You can just create the key. I do not get such a list, the RDP dialog just rethrows the credentials box if I pass it the wrong ones - I never get to actually init an RDP Window without a correct username and password. If it's a domain thing or if it's just that I use the latest RDP client (think that's it) I dunno ^^ –  Oskar Duveborn May 7 '09 at 18:40
    
I know the article claims it works for WS2008, but for me it doesn't. I followed the instructions and triple checked, but they don't have an effect. Not sure why it behaves differently for you. I use Windows Server 2003 to connect with RDP v6. Are you using NLA by any chance? –  pbz May 7 '09 at 19:12
    
Hmm NLA could be it, yes. I'm afraid I don't have any more ideas to the original problem though - atleast not until I've had time to try it from a 2003 server outside of this environment :/ –  Oskar Duveborn May 7 '09 at 20:04
    
@I'm curious as how to reproduce this -- login via rdesktop from a Linux box. –  Zoredache May 7 '09 at 20:38

This was written for Vista, but it works fine on my Server 2008 development server:

"This is possible via the Windows Local Security Policy Editor, or “secpol” tool. To launch the Local Security Policy Editor click start, Control Panel, System Maintenance, Administrative Tools, local Security Policy. Click “Continue” to the prompt presented by the User Account Control. If you are not presented with one, it's fine, just move on.
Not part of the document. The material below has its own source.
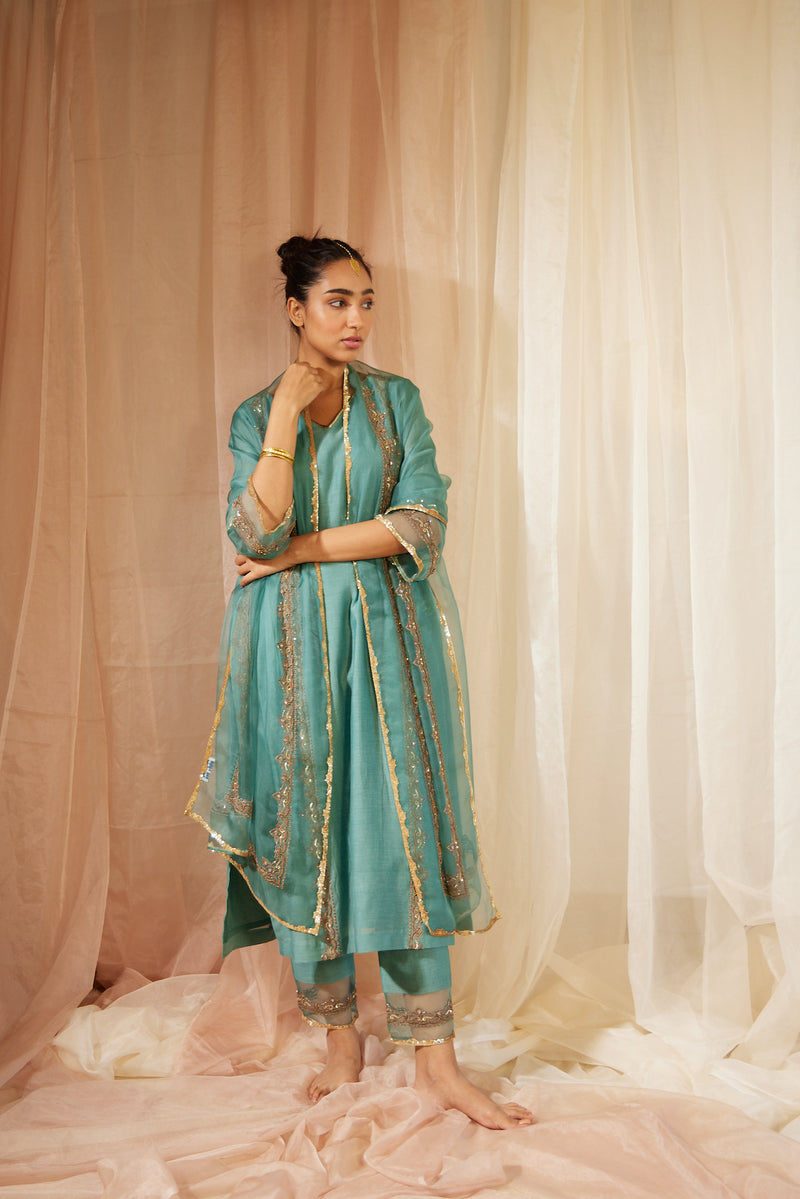 Blue Abir Stole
In the Local Security Policy editor you will see two panes, one on the left with tree-view navigation and one on the right which will have the actual definitions and items to edit. On the left hand side, expand (either by clicking on the arrow or double clicking) the "Local Policies" section, and then click on "Security Options". On the right hand side, scroll down until you see "Interactive logon: Do not display last user name". Double click on this entry and you will be presented with a dialog box that has two options - "Enabled" and "Disabled", with Disabled being selected as default. Change this setting to "Enabled", and then click on the OK button.

After double clicking “Interactive logon: Do not require CTRL+ALT+DEL” select the Disable option and hit OK. Next, close the Local Security Policy editor, as you are done. Log off. When you are prompted by a request to press CTRL-ALT-DEL do so, and you will get the classic style logon screen you have been labored so hard to achieve."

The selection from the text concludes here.